## Record set

——————————

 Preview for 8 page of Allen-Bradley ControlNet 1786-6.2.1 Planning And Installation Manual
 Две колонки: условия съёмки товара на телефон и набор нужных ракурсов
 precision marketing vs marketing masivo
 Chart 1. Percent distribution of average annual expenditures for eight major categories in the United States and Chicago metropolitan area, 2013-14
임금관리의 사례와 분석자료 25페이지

——————————

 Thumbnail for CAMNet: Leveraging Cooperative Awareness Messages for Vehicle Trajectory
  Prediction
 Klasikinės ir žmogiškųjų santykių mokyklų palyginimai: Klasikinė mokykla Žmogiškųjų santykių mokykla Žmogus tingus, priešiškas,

——————————

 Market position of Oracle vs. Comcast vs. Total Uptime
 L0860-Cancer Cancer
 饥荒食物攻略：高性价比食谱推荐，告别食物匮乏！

——————————

## Problem details
Please output the lines of the listing above that fall in the stretch from the one with "Market position of" through the one with "饥荒食物攻略：高性价比食谱推荐，告别食物匮乏！", exactly and only those.

## Answer for this exercise
 Market position of Oracle vs. Comcast vs. Total Uptime
 L0860-Cancer Cancer
 饥荒食物攻略：高性价比食谱推荐，告别食物匮乏！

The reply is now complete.